> _Task directions_: Using the listing below, give again exactly the lines from the line with "Praying mantis at" to the line with "Art deco glass", inclusive, without the pictures.

> _Data excerpts_:

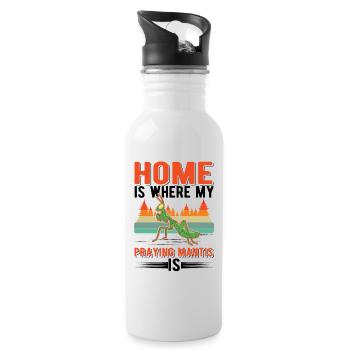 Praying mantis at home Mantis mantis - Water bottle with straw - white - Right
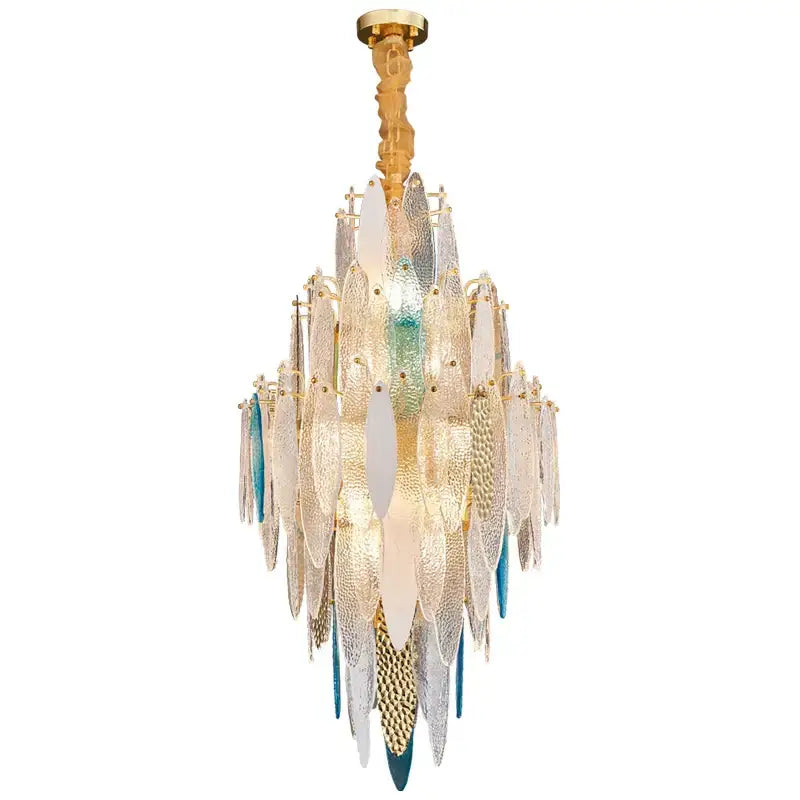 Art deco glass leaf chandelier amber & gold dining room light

...

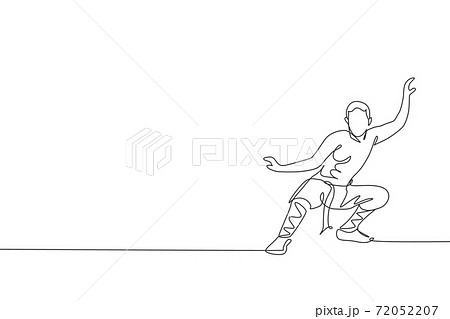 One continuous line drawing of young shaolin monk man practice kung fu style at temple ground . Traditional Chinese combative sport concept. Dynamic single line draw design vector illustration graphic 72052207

> _Answer to this problem_:
 Praying mantis at home Mantis mantis - Water bottle with straw - white - Right
 Art deco glass leaf chandelier amber & gold dining room light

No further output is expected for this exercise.